Raul is why I changed college majors, attended graduate school, started my business, donated to charity last week and wrote this post.
I came across Raul in Caracas, Venezuela, when I was nine years old. I was staring out the passenger-side window of the family air-conditioned sedan trying to tune out the chatter emitting from my twin 12-year old sisters with whom I shared the backseat. I was sipping syrupy soda through a blue and white striped straw. We were on a congested highway. I had no idea the carefree portion of my life was about to end.
He entered the frame of my window from the left as our vehicle inched forward, a still figure between rigid rows of cars marching past. He was my size but with tattered shorts, no shirt and no shoes. A cardboard tray of potato chips hung from his neck to rest just above his dirty belly, which was strangely large for his spindly body. His big brown eyes locked onto mine, softly questioning.
A tightness in my sternum, which has since become a familiar signal of distress, made me gasp. Nine years of unbroken childhood joy shattered. My thoughts wailed like an emergency siren. Why is a kid my age selling chips on a dangerous highway? Why is he caked in dirt? Where are his shoes? Where are his parents? Why wasn’t he safely inside a car drinking something sweet through a striped straw? Why do adults allow this? Why? Why? Why?
Our eyes tracked each other until he slipped beyond my window. I named him Raul.
Meet your Inner Giver
How could a child in seconds influence my decisions for decades? It’s not who he was, but whom he awoke in me. It turns out I had an “Inner Giver” who was dormant until that afternoon. She’s the part of me that contributes to others without seeking a return, per the definition of “giver” in Adam Grant’s bestselling Give and Take. Raul shocked my Inner Giver into wakefulness and I’ve since grieved over the injustices of the world, empathized with the suffering of others and yearned to serve.
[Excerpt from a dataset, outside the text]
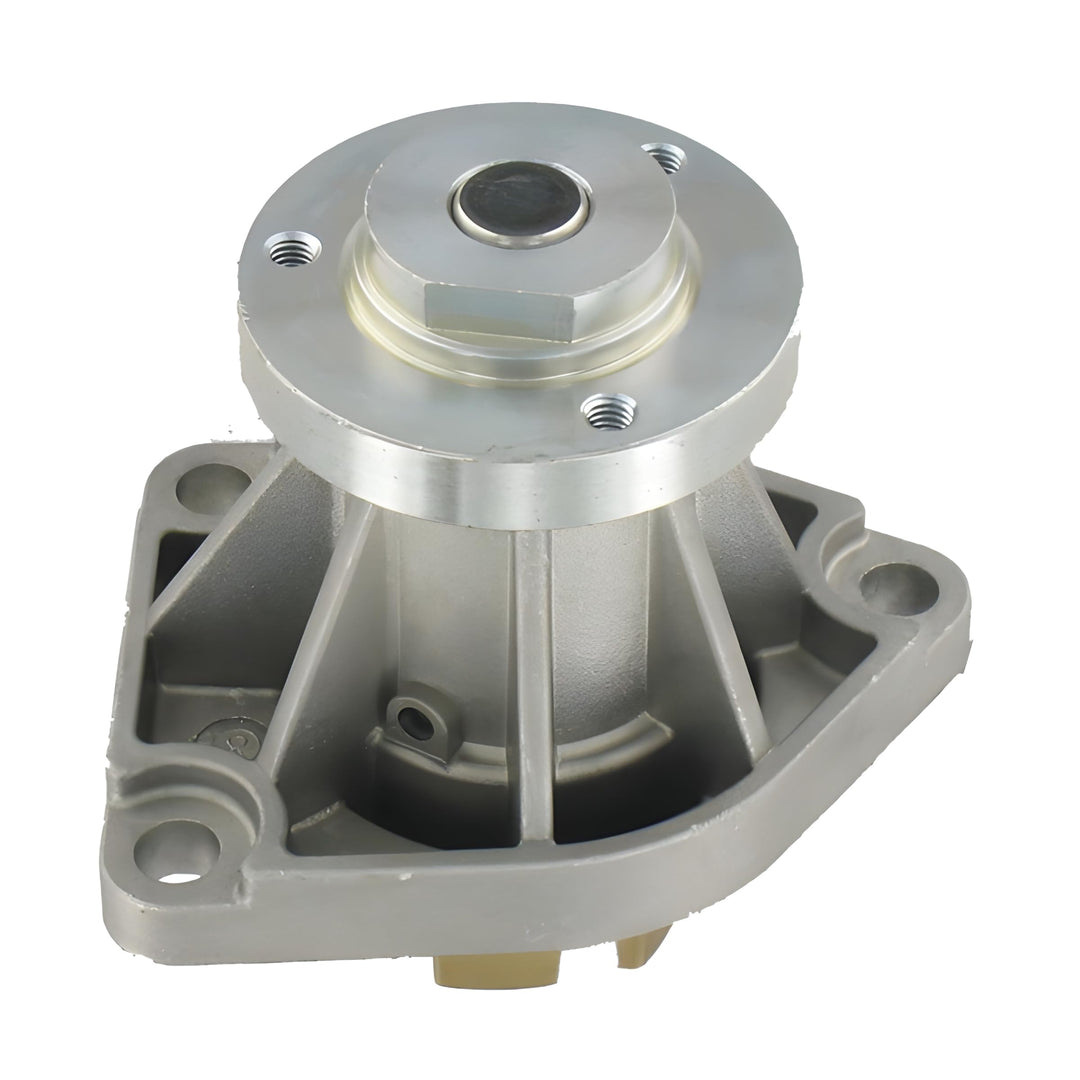 SKF VKPC 85613 Wasserpumpe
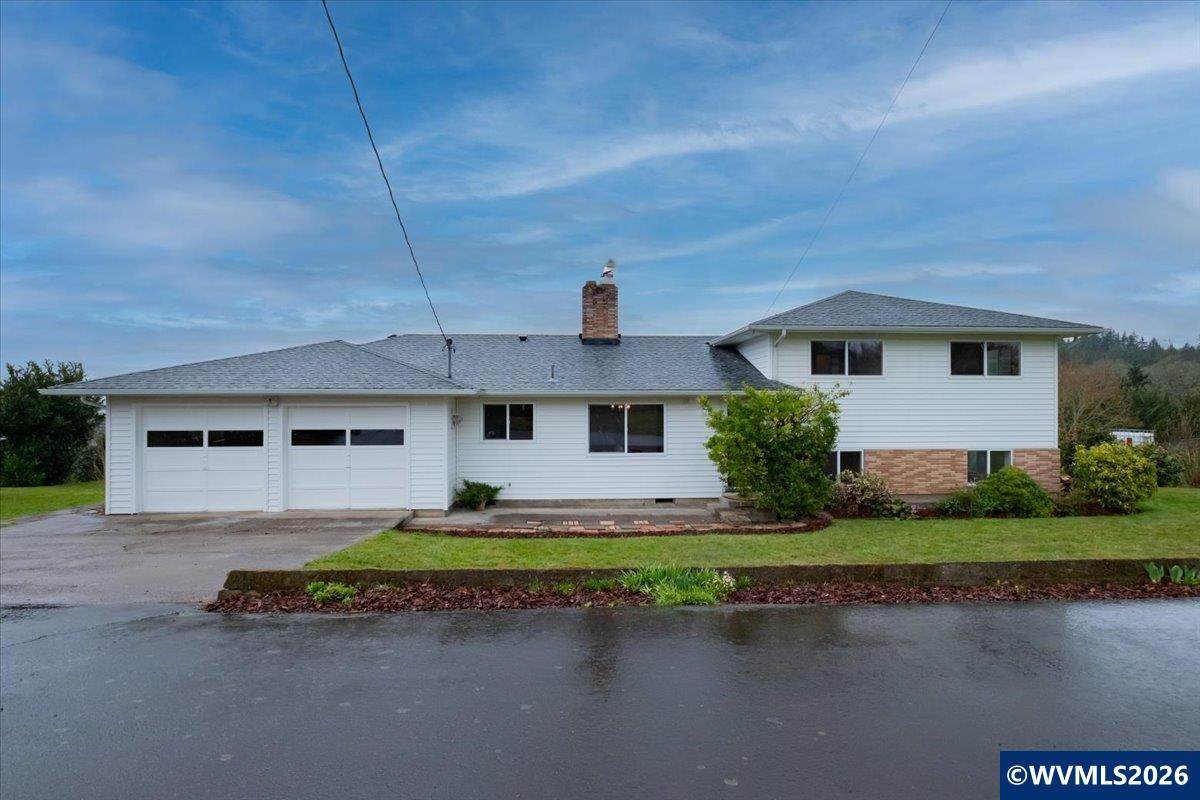 38072 Scravel Hill Rd - Photo 1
To be fair, I have other less upright inner characters also running the show, if my life can be called that. My Inner Princess insists on soft sheets, holiday ski trips and chocolate in the cupboard that costs more than a day’s worth of food for most of the planet’s inhabitants. If you think that’s loathsome, you should meet my Inner Victim. She’s insufferable.
Despite my crowded psyche, the Inner Giver has staked her corner. I might not respond to her urging, but she’s vocal every week, if not every day. She even throws tantrums. Once she insisted that I backtrack 10 miles of driving to give a panhandler a pizza I was bringing home from a party. As life transforming as my Raul incident was to me personally, however, it’s yawningly mundane to society.
Even the most fortunate among us can’t avoid grieving over the sad lot of our world, empathizing with strangers in distress and feeling pulled to help right both. I’m not special. Everyone is preprogrammed with an Inner Giver. Well, almost.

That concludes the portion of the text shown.